The CSP2+ is surprisingly good with high impedence cans...
 i am hooking it as a preamp to an inexpensive Darkvoice336se n having a great ball of a time really...
 there is a synergy betw these 2..the soundstage is deeper, thicker..dense with details.
 (but if i switch it around, trying the DV as a pre..the sound kinda collapsed..anemic ..i dun know the science to it..blush )


----------



## jhljhl

lorspeaker said:


> The CSP2+ is surprisingly good with high impedence cans...
> i am hooking it as a preamp to an inexpensive Darkvoice336se n having a great ball of a time really...
> there is a synergy betw these 2..the soundstage is deeper, thicker..dense with details.
> (but if i switch it around, trying the DV as a pre..the sound kinda collapsed..anemic ..i dun know the science to it..blush )


 

 I haven't used my jolida as a pre just as a dac here with this combination - I'll try it later.


----------



## xxxfbsxxx

quite silly but just wonder could we replace the 6n1p with 6sn7 tube+adapter


----------



## Lorspeaker

xxxfbsxxx said:


> quite silly but just wonder could we replace the 6n1p with 6sn7 tube+adapter


 
  
 crossed my mind too...i have a small stash of 6sn7s too.. hmmm..where are the electrical experts..hate to burn an Xpensive amp


----------



## Skylab

In a word : no. 

6SN7 draws about twice the heater current, and has about 1/3 the transconductance, among other things.


----------



## Lorspeaker

skylab said:


> In a word : no.
> 
> 6SN7 draws about twice the heater current, and has about 1/3 the transconductance, among other things.


 
  
  
 thank u sir...and how about this ....
  
 By the way, is a 25U4g similar to/replaceable with a 5U4g ?? anyone?


----------



## Skylab

lorspeaker said:


> thank u sir...and how about this ....
> 
> By the way, is a 25U4g similar to/replaceable with a 5U4g ?? anyone?

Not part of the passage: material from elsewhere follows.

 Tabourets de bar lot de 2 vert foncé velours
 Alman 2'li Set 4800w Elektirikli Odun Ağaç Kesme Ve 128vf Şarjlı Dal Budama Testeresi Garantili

Good lord no!!! The first number is the voltage of the tube. So 25U4G is a 25 volt rectifier, as opposed to the 5 Volt 5U4G. 

Careful with that axe, Eugene...


----------



## Lorspeaker

http://www.ebay.com.sg/itm/BRIMAR-25U4GT-RECTIFIER-VALVE-TUBE-NOS-/150943034365?pt=UK_Sound_Vision_Valves_Vacuum_Tubes&hash=item2324e7ebfd&_uhb=1
  
 tot it is just a harmless number ."2"...LOL.


----------



## jhljhl

The preamp of the jolida fills out the sound for the taboo mkii nicely but probably not as well as a csp2+ would.
  
 I tried the mullard gz37 very nice tube - not as lush as the lorenz but the bass is a little tighter - soundstage a little wider too.


----------



## Lorspeaker

these mullard GZ37 are pricey huh..seen a few of them on ebay..not well armed $$ to bid. 
 i have a mullard GZ32...it is more bodacious, fuller sounding than the Lorenz.
 On some poor pairing, it can get too bloaty.


----------



## jhljhl

lorspeaker said:


> these mullard GZ37 are pricey huh..seen a few of them on ebay..not well armed $$ to bid.
> i have a mullard GZ32...it is more bodacious, fuller sounding than the Lorenz.
> On some poor pairing, it can get too bloaty.


 

 I got a great deal on the gz37.  I am really pleased with the lorenz hm... now a mullard gz32 sounds interesting...


----------



## Lorspeaker

ok go n snag one...i got one for 30pounds delivered when everyone is asleep..
 it sounded beautiful when i plugged in 3 e188cc tubes ! 
 need to experiment further with the cheaper russian tubes..
 maybe a 6n23p that is the craze now over at the LYR tube rolling thread.
  
 ======
  
 did a quick check..Mullard GZ37, cheapest is 70pounds delivered.


----------



## Skylab

FWIW, I really preferred the 5Y3 in the CSP-2, versus other rectifiers.


----------



## jhljhl

skylab said:


> FWIW, I really preferred the 5Y3 in the CSP-2, versus other rectifiers.


 
 I'm using a Taboo II.  I've a csp2+ on the way though.


----------



## xxxfbsxxx

skylab said:


> In a word : no.
> 
> 6SN7 draws about twice the heater current, and has about 1/3 the transconductance, among other things.


 
 thanks sir )


----------



## Lorspeaker

I bot SYLVANIA 5Y3,  WIZARD 5Y3G, and a TUNGSOL 5Y3G recently...
 the TS sounded BIGGER amongst the 3 from my first impression when i did a brief listen.
 Havent done a shootout betw diff TYPEs. 
  

  
 dun u love the small glass/silvered bottles..


----------



## Lord Soth

lorspeaker said:


> I bot SYLVANIA 5Y3,  WIZARD 5Y3G, and a TUNGSOL 5Y3G recently...
> the TS sounded BIGGER amongst the 3 from my first impression when i did a brief listen.
> Havent done a shootout betw diff TYPEs.
> 
> ...


 
  
 JDM did a very good 5Y3 rectifier shootout over here.
http://www.decware.com/cgi-bin/yabb22/YaBB.pl?num=1208182422/0
  
 Like JDM, I've also used a Amperex 6922 tube in front so I tend to agree with his findings.
  
 The RCA 5Y3 and Tung Sol 5Y3 appear to be on top of the list.
  
 I know that Lon, a regular Decware fan, favours the use of the RCA 5Y3.
  
 Sonics wise, in both my CSP2+ and CSP3, I have found the Tung Sol 5Y3 to be on par with the more expensive Brimar 5R4GY rectifier.
 I personally prefer the Brimar rectifier because aesthetics wise, it is a voluptuous tube. 
  
 Have fun!


----------



## Argo Duck

Lord Soth - I was trying to remember your handle yesterday! Another source of great Decware/tube advice!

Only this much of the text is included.